January 04, 2005

The Supreme Court Forecasting Project

The latest issue of Perspectives on Politics (sorry, I don’t know how to link to it) features a symposium on the Supreme Court Forecasting Project. This project is built with the goal of creating a statistical model that can predict the voting behavior of the Supreme Court. This is (according to the goals of political science) a worthy endeavor. But the model itself is yet another example of the atheoretical numbers fetish that marks political science at its worst.

The symposium article by Andrew Martin, Kevin Quinn, Theodore Ruger and Pauline Kim lays out the decision tree that is the core of their model. I suppose one can praise their forthrightness in acknowledging the lack of theory behind their work. They explicitly note “variables were not chosen for explicitly theoretical reasons. Rather, they were chosen based on their availability and plausible relationship to Supreme Court decision making.” But that hardly excuses the fact that they are clearly trying to build a major endeavor upon an unstable foundation. Once you get past that, all you have to do is look at the initial steps in the decision tree to note more problems. The first questions is – was the lower court decision liberal? That opens the door to all sorts of coding problems. Many decisions aren’t obviously “liberal” or “conservative” – far from it. It is no surprise that there are serious reliability problems with that measure. Then the next step in the decision tree deals with which circuit it comes from – but there is no theoretical reason behind the groupings of the circuits. Even the goal – predicting whether the Supremes will affirm or reverse – is simplistic. There is no discussion of the grounds upon or scope of the ruling.

Suzanna Sherry of Vanderbilt University Law School notes these problems, and others, in her scathing response to this article. Much of her response deals with the methodological problems in this study. But Sherry finds some interesting results here that withstand these criticisms. Most interestingly, the model is best at predicting the conservative justices, and does a poor job of predicting the votes of the four justices often referred to as the liberals. Since this is a heavily attitudinal model this suggests that justices like Rehnquist and Scalia make their decisions on the basis of their politics, but the other justices are different. Sherry constructs a strong case in arguing that the “liberal” justices vote on the basis of the law and precedent. Sherry further notes that while the “conservatives” vote their politics and the “liberals” vote the law it appears that Justice O’Connor is doing something else. O’Connor takes a “rather cavalier attitude toward precedent” – even precedents she has joined. She appears to basically take a pragmatic approach to legal questions. Sherry further notes that Justice Kennedy behaves this way on occasion too, but that he does it more rarely and more explicitly.

There are serious problems with this project. But even with its flaws it does strengthen the “attitudinalists” case that some justices on the Supreme Court, perhaps particularly those often labeled “conservative”, decide cases on the basis of their political preferneces.

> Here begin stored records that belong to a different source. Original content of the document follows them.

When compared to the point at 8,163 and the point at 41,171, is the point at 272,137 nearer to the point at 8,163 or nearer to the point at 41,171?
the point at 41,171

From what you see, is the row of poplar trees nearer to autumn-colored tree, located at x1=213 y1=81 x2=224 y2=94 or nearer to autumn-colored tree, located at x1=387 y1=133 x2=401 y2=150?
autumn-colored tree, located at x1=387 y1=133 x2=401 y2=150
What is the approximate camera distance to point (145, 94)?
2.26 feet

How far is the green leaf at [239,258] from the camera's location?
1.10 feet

Posted by armand at January 4, 2005 03:23 PM | TrackBack | Posted to Law and the Courts


Comments

which, perhaps one need not add, makes the conservative justices the activists of the current Court. of course, we all knew that already, given that they have overturned more legislation than any other modern Court.

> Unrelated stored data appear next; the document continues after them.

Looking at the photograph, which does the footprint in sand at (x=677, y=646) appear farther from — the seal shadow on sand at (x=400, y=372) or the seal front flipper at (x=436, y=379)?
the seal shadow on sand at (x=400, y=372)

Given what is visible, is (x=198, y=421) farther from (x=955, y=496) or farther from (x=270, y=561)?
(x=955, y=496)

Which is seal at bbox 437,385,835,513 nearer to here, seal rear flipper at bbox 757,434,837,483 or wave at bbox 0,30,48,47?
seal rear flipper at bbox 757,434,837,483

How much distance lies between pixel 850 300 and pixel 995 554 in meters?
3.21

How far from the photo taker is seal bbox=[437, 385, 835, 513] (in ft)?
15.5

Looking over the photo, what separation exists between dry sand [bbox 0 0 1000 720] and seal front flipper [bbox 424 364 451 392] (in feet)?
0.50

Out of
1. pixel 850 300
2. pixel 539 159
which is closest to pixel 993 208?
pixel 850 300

Posted by: joshua at January 5, 2005 11:05 AM | PERMALINK

This is the part of political science that I just don't understand. What is the point of such a model? Just it's existence seems to argue that SC decisions are not based on anything like truth, justice or "doing the right thing", but instead are predictable based on partisan issues. That's certainly a slipperly slope to start down. In any event, as Armand notes, what is the point? Why build a model, if not as part of a theoretical understanding of some event or action? I continue to be utterly unimpressed by what political scientists who study American politics do. This is interesting? This is fascinating?

Posted by: baltar at January 5, 2005 01:40 PM | PERMALINK

The point, as I take it, is two-fold: first, to test the case that the attitudinalists make that justices vote their own politics and ideology (this is an on-going debate in the poli sci side of literature on the Court, but support for the attitudinalists has been increasing), and, secondly, to allow for better projections of court decisions. Lots of political scientists don't give a hoot about predictions, but these people do. In fact part of the study is a comparison of their model's predictions versus those of "experts" (the Linda Greenhouses of the world).

And I should note that it's not ENTIRELY atheoretical. It's just that important sections of it are (these folks are obviously grasping at available data) and the rest includes sloppy measures.